Attorney General Gordon J. MacDonald announced Monday an investigation has been completed into allegations made against former state trooper James Callahan. On Feb. 20, state police reported to the Attorney General’s Office an allegation that Callahan may have engaged in criminal conduct in connection with a Jan. 4 incident in Madison. Specifically, while on-duty and conducting an investigation, Callahan is alleged to have falsified date information on a lab transmittal form.
“That allegation was thoroughly investigated and reviewed by the Office of the Attorney General,” MacDonald said in a statement. “During the course of the investigation, evidence was also discovered that Mr. Callahan had made false statements in a portion of his official report concerning the Madison investigation. In particular, Mr. Callahan had not been truthful about where a K-9 drug-detection search had occurred.”
Prosecutors said that case, State v. Timothy Owen, remains pending in the Carroll County Superior Court. Owen is charged with counts of reckless conduct and criminal mischief. No drug charges were filed, officials said.
The Attorney General’s Office announced its investigation determined there is probable cause to bring two charges of unsworn falsification (RSA 641:3), both misdemeanors, against Callahan.

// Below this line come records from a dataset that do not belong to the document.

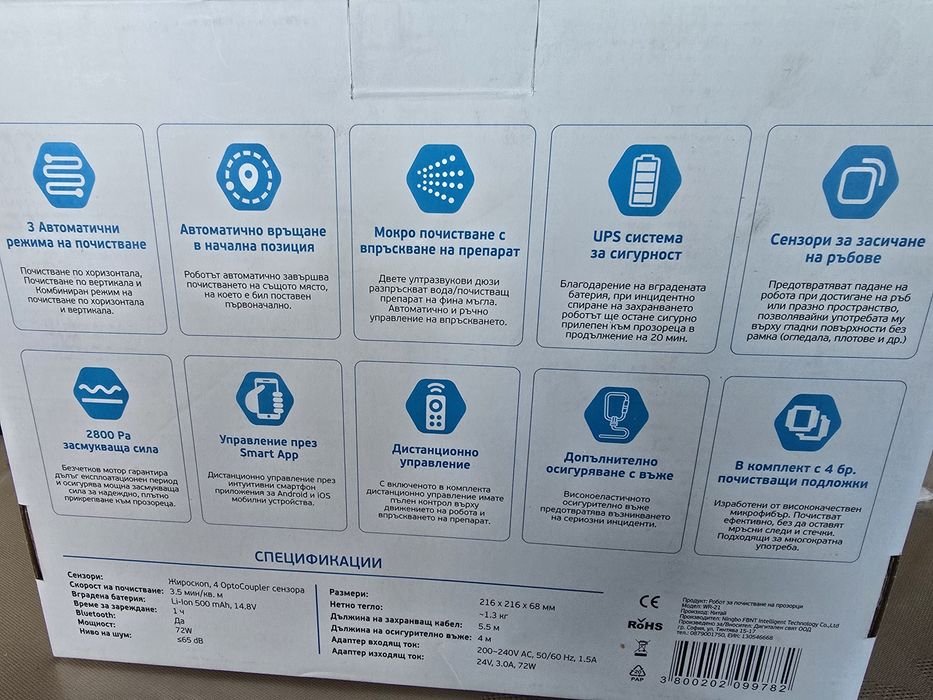 Робот за почистване на прозорци  Модел WR-21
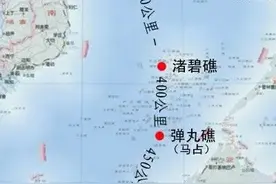最南端领土：曾母暗沙是由我国控制吗？填海造陆是否可能？图片
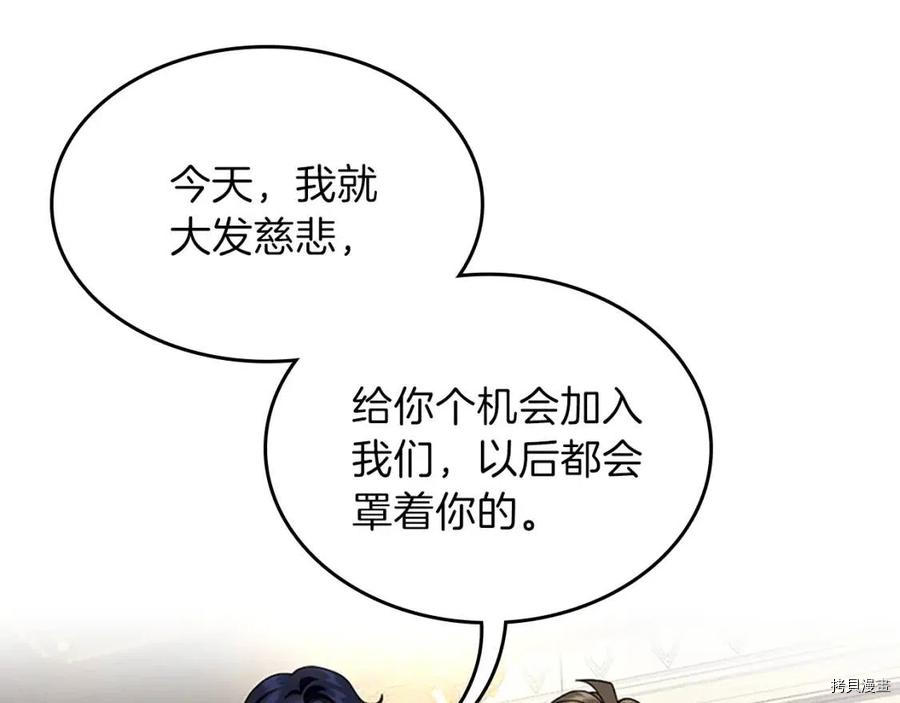 三岁开始做王者[拷贝漫画]韩漫全集-第89话无删减无遮挡章节图片 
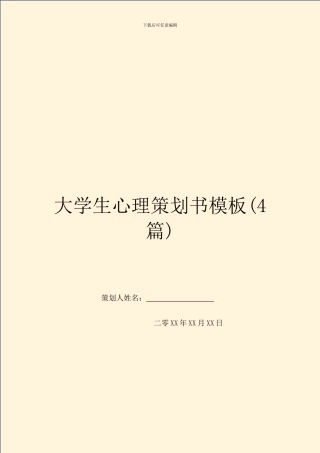 大学生心理策划书模板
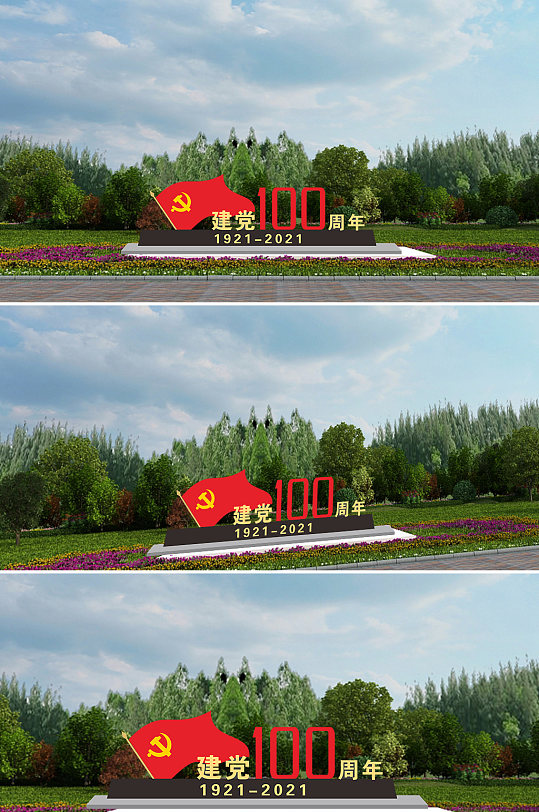 建黨100周年雕塑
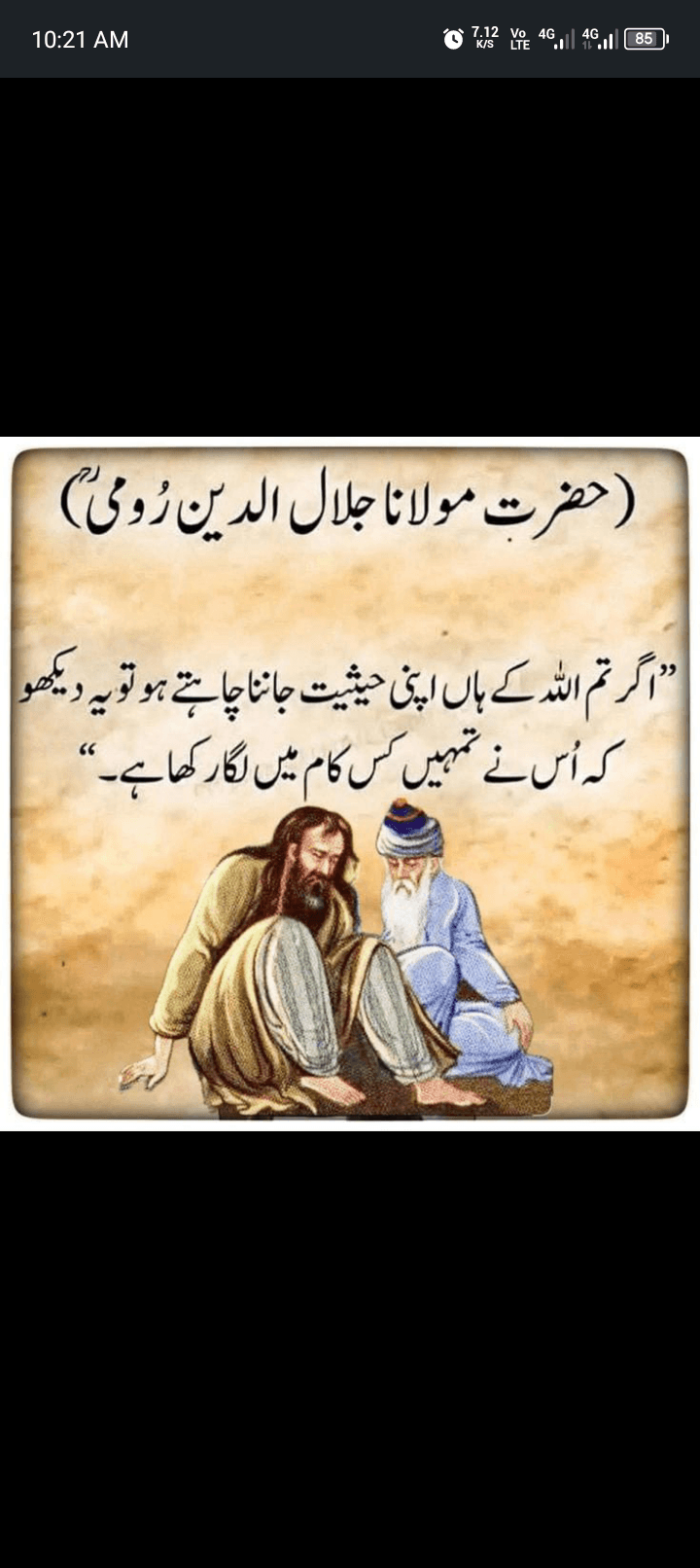 Subject Tutor in Pakistan | Online & Home | Tutor — teaching image 1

“However, because of the defenses available to Mr. Callahan stemming from inconsistencies in witness statements and reports, the Office of the Attorney General concluded that the state would have difficulty prevailing at trial in this matter,” MacDonald said in a statement.
Instead, MacDonald said Callahan agreed to resign from his position as a state trooper effective July 14, agreed to forfeit his certification as a police officer in New Hampshire, and has agreed not to seek recertification in the future.
In exchange, MacDonald said, the Attorney General’s Office agreed it will not bring charges against Callahan.
The Attorney General’s Office said it will keep a file on the matter open for a period of two years to monitor Callahan’s adherence to the terms of the agreement.
“In the event Mr. Callahan does not abide by the terms of the agreement, the Office of the Attorney General may bring forward the criminal charges against Mr. Callahan,” MacDonald said in a statement.